• AVAILABLE DATA
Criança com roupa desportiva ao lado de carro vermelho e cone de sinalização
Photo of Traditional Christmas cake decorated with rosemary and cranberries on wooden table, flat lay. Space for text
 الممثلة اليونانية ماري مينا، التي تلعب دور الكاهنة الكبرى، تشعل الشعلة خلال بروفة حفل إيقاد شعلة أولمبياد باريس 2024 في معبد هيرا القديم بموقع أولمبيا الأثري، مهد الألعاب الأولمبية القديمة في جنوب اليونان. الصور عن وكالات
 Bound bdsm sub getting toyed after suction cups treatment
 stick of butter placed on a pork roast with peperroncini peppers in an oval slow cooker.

• THE PROBLEM
Copy out the entire listing exactly.

• WRITTEN SOLUTION
Criança com roupa desportiva ao lado de carro vermelho e cone de sinalização
Photo of Traditional Christmas cake decorated with rosemary and cranberries on wooden table, flat lay. Space for text
 الممثلة اليونانية ماري مينا، التي تلعب دور الكاهنة الكبرى، تشعل الشعلة خلال بروفة حفل إيقاد شعلة أولمبياد باريس 2024 في معبد هيرا القديم بموقع أولمبيا الأثري، مهد الألعاب الأولمبية القديمة في جنوب اليونان. الصور عن وكالات
 Bound bdsm sub getting toyed after suction cups treatment
 stick of butter placed on a pork roast with peperroncini peppers in an oval slow cooker.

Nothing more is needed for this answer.